SOURCE MATERIAL =>
⟨

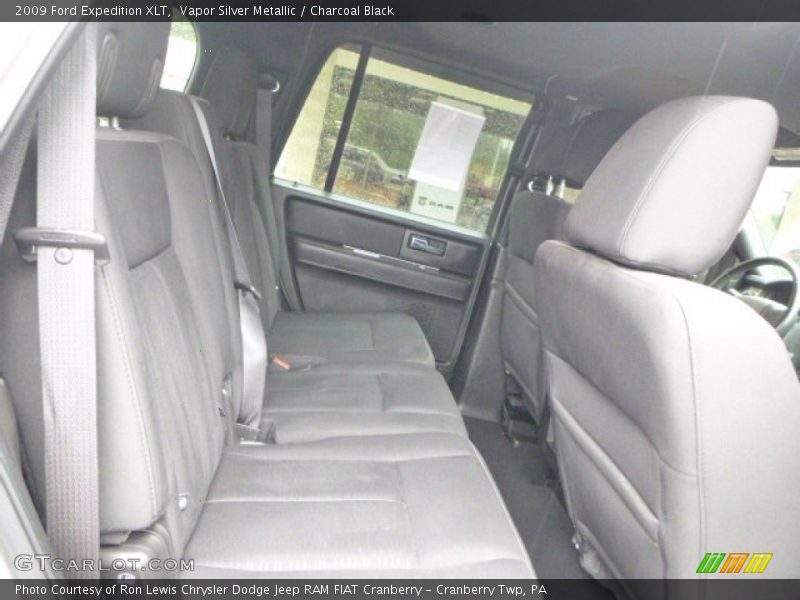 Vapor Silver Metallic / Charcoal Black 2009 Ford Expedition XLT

⟩
⟨

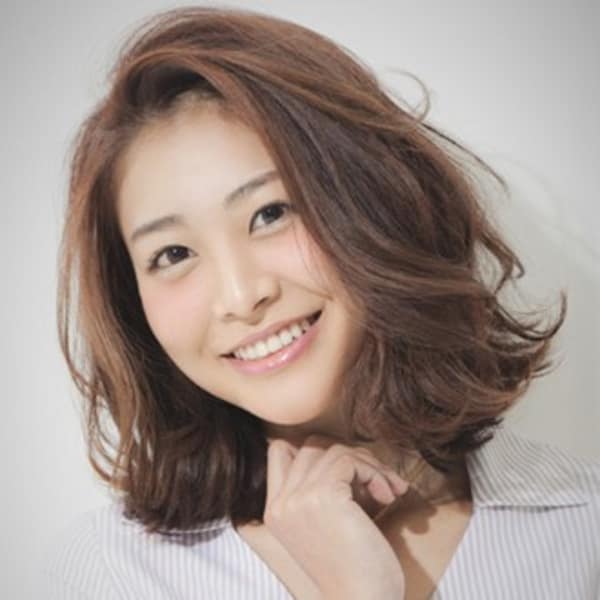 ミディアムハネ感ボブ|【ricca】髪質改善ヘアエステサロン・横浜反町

⟩
⟨

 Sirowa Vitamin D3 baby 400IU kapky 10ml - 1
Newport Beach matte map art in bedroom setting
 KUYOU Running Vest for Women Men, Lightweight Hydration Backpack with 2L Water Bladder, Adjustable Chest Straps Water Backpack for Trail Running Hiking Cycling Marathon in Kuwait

⟩

EXERCISE OBJECTIVE => Using the material above, transcribe exactly the lines from the line with "Newport Beach matte" to the line with "KUYOU Running Vest"; both count, and nothing else goes in.

OUTPUT FOR THIS EXERCISE =>
Newport Beach matte map art in bedroom setting
 KUYOU Running Vest for Women Men, Lightweight Hydration Backpack with 2L Water Bladder, Adjustable Chest Straps Water Backpack for Trail Running Hiking Cycling Marathon in Kuwait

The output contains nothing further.